Over one year ago, a decision from the U.S. Supreme Court legalized gay marriage in all states.  My church, the Mormon Church, believes that marriage should be only between a man and a women.  It had actively, and for a while, effectively, campaigned against gay marriage.  Lots of money and muscle were poured in.

A few weeks after this landmark decision, our highest church leaders sent a letter to every congregation in the United States.  Instructions were given to gather all the adults together on a specified Sunday, have the letter read, and then open the floor for questions and discussion.

When the designated day of discussion arrived, a distinguished visitor did too.  In the Mormon Church there are a number of high leaders called General Authorities.  Only a few years have passed since one of our own was called to this lofty position.   A marvelous man by the name of Gifford Nielsen.  He and his sweet wife had lived in our neighborhood and raised their kids in our congregation.  They are beloved and well known by all.  By the way, we refer to a General Authority as ‘Elder.’

The letter was read.  Questions were raised.  Elder Nielsen stood to direct the discussion.  It was all good.  Interesting.  Informative.

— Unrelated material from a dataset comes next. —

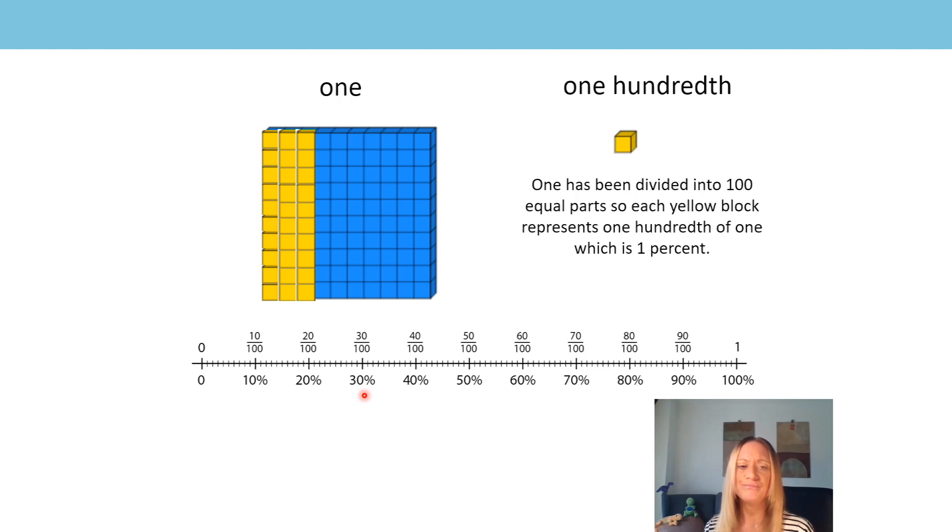What about 31%? Where would 31% be? Write it as a fraction with the denominator in hundredths. If I have 31%, I don't need another 10 hundredths — I just need one more hundredth. I can see there I have 31 hundredths. So it's 31 hundredths, and it's one more hundredth after 30 hundredths — 31, 32, 33, 34, 35 hundredths, and so on until I get to 40 hundredths.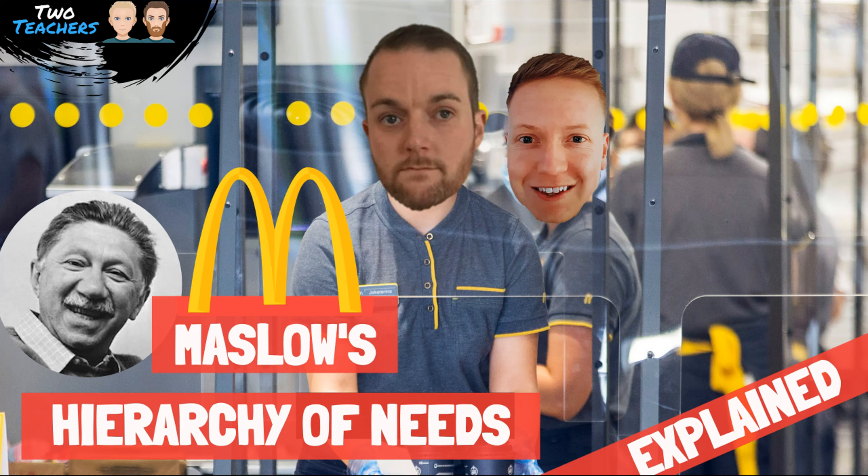Who wouldn't want to have motivated employees? Having a motivated workforce is essential for many reasons such as the productivity and performance levels of employees alongside the general morale of the team. This video investigates Abraham Maslow's hierarchy of needs as a theory of motivation with supporting examples of the model applied to McDonald's.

As we considered issues regarding gay people, my heart became heavy.  I wanted to do something, but didn’t know how.  So, I asked a question that resembled a statement:

“Over the years, several of my friends have been gay. But, at the time, I had no idea. They may not have totally understood where they were at, either.  In every case, we lost touch. They just disappeared from sight. Years later, when we reconnected, I discovered that they had come out as gay. Some were divorced. Some never married. Some were still married. All had suffered from rejection, depression, shunning, fear and loss. In every case, I regretted that I had not been there to support my dear friends during this dark, difficult, and lonely period. But, none of them had any confidence in the loyalty of church friends. I don’t want that to EVER happen again. Somehow I want to send the message to all in my circle of acquaintance that I love and accept them if they are gay, no matter what!”

Elder Nielsen’s response was beautiful and direct, “That’s exactly the message the church is sending, that we love everybody.”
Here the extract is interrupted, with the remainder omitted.